Since I posted my story, Elsevier has contacted my library stating I can easily continue my research by using their API under their Text and Data Mining (TDM) policy. This usually requires a separate signed agreement with the university, but they have offered to give me a personal API code without such an agreement. Note that all work I would do with the API would still fall under their TDM policy.
The TDM policy directly threatens my academic freedom and as such I will not agree with it. Elsevier describes its policy here and says
“When researchers have completed their text-mining project through the API, the output can be used for non-commercial purposes under a CC BY-NC license”
which means Elsevier is imposing a license on my research output. This prevents me from publishing in journals such as PeerJ and the PLOS journals because they publish their research articles with a public license that allows for commercial use (i.e., CC-0 or CC-BY). I consider it my own choice where and how I want to publish.
The imposed non-commercial license also unnecessarily restricts the impact and re-use of my publicly funded research.
First, the differentiation between commercial and non-commercial is highly ambiguous and discourages re-use. For instance, if a blogger wants to upload my paper to her personal website, but the blog includes advertisements, would this be considered commercial or non-commercial? It seems to me that this ambiguity would lead to some choosing the safe-route and not re-using.
Second, clearly defined commercial entities now cannot distribute my work, while I, the author of the work, want them to be able to. Re-use possibilities are often unforeseen, and I will not forego these possibilities by having to assign a non-commercial license. For example, if a financial fraud detection company wants to print my research output and use it in a workshop, they would not be able to with a non-commercial license. Academics will still be able to read it, but the impact of research is larger when both non-commercial and commercial entities can use the knowledge to benefit society.
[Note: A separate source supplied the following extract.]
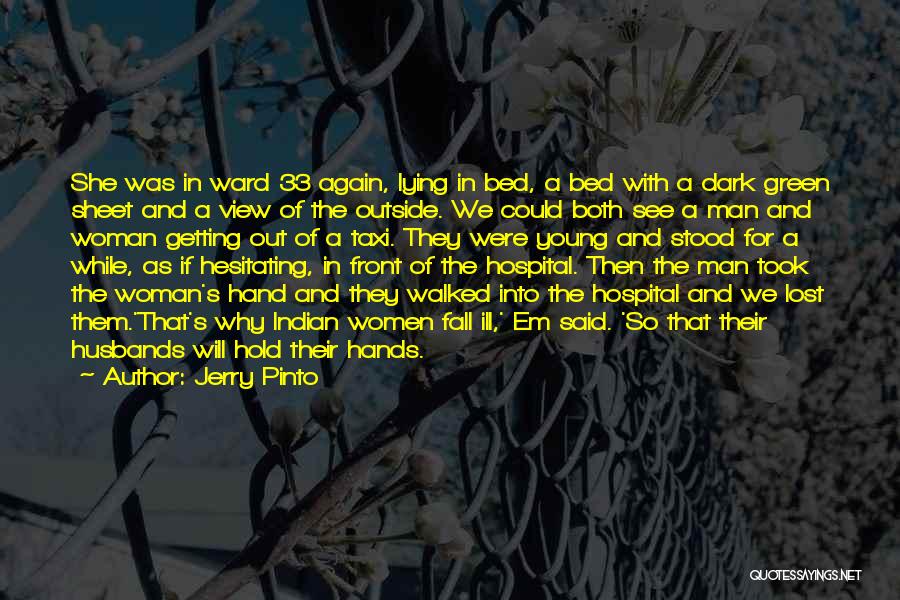 Jerry Pinto Quotes: She Was In Ward 33 Again, Lying In Bed, A Bed With A Dark Green Sheet And A View Of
Elsevier is trying to force their API on me using the argument that scraping the website would overload the server. I have shown that the server load need not be large (what I am doing costed only 35KB/s, which is less than streaming the typical YouTube video). As a commenter on the original post mentioned, the Wikipedia API only “ask[s] that you be considerate and try not to take a site down.” Elsevier could institute a similar non-restrictive policy on screen-scraping.
Elsevier’s API is also incomplete, it for instance does not include images, which are vital to my research. As such, what Elsevier is offering me does not allow me to do what I was doing when scraping the webpage directly. The API is simply insufficient, besides imposing a license that threatens academic freedom.
It seems like Elsevier’s TDM policy does not have the researcher’s interests at heart and I can imagine this is one of the reasons library associations do not agree with Elsevier’s TDM license, for instance LIBER and the Dutch University- and Royal Libraries. For the reasons outlined above, I will not agree to Elsevier’s TDM policy as it harms me as a researcher and the impact of research on society.